But as the recent Gilmore Girls: A Year in the Life revival has shown us, it turns out that a grown-up Rory Gilmore doesn’t subvert these stereotypes — she embodies them, along with a host of additional professional incompetencies no one saw coming.
At least some of Rory’s journalistic problems are internal production issues. Showrunner Amy Sherman-Palladino, who shepherded six seasons of the beloved CW series but left before its final year, has stated that she never even saw the final season. The series finale had Rory well on her way to professional success, and thus left room for considerable confusion about where that plucky girl journalist had gone in the revival.
Yet Rory’s hapless journalistic career is also part of a persistent problem with the rom-com genre to which she belongs, as well as a larger problem with the way Hollywood continually fails to allow female journalists nuanced and realistic plots.
Romantic comedy often paints female members of the media as professional misfits
The rom-com genre and its literary counterpart (the glossy “chick lit” of the late ’90s and aughts, now largely phased out in favor of steamier New Adult) both like to use semi-artsy professions for their heroines. Rom-com leading ladies rarely work in accounting and almost never in blue-collar jobs, unless it’s a rag-to-riches Cinderella story. They’re far more likely to work in journalism, publishing, television, architecture, and other artsy pursuits.
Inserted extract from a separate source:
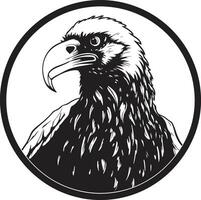 Monochrome Vulture Face Logo Deadly Vulture Emblem vector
On the one hand, that makes sense, since these jobs often reflect the real experiences of the women who write the rom-coms; for example, Nora Ephron was a journalist (her career is depicted in the series Good Girls Revolt) before becoming a screenwriter. But in a larger cultural context, putting rom-com heroines in these kinds of jobs tends to create a strange disconnect from reality. Rom-coms like to exacerbate conflict by putting our heroine at direct odds with her working environment — either because she’s too quirky and odd to fit in or because she’s inexperienced and has no idea how things work.
What that means is that in the onscreen world of a rom-com, where portrayals of journalism and the media are prevalent, we usually get a bunch of “professional” women who seem to have no idea what they’re doing. In the rom-com that kicked off the chick-lit craze, Bridget Jones’s Diary, the title character (played by Renée Zellweger) quits her job at a publishing house (after having an affair with her boss) and lucks into a job as a reporter, where her producer humiliates her on national TV by showcasing her natural clumsiness.
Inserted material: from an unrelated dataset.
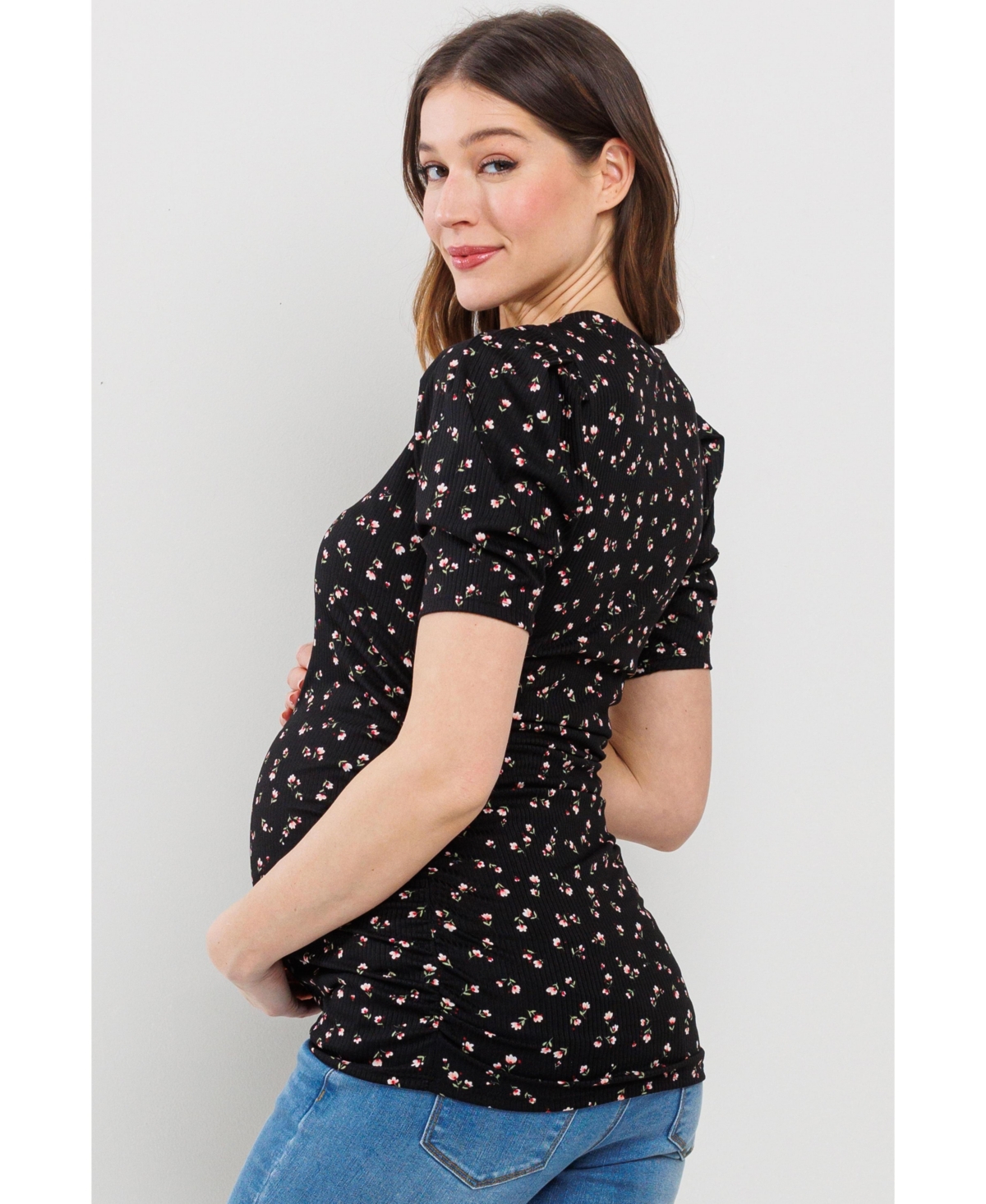 Hello Miz Maternity Floral Ribbed Ruched Puff-Sleeve Fitted Top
In another movie based on a best-selling chick-lit novel, The Devil Wears Prada, Andy Sachs (Anne Hathaway) is a would-be hardboiled journalist, a Rory Gilmore–esque nerd from a small town. But she initially treats her first big opportunity, landing a dream job at the world’s premier fashion magazine, as a joke. She’s laughably clueless about the basics of the fashion industry and doesn’t seem to have researched anything about it — not even how to spell the names of the top designers she’ll be working with. She also both sleeps with a source and uses him to help her fill one of her professional goals.
Rory’s journalistic fumbles include everything from keeping a confusing number of phones to being utterly unprepared during her only job interview — quirks that seem to make no sense in the context of her life and history up to now. Rather, they position her within a larger pattern of the rom-com heroine struggling to find herself in a professional context, and often coming across as totally incompetent in the process.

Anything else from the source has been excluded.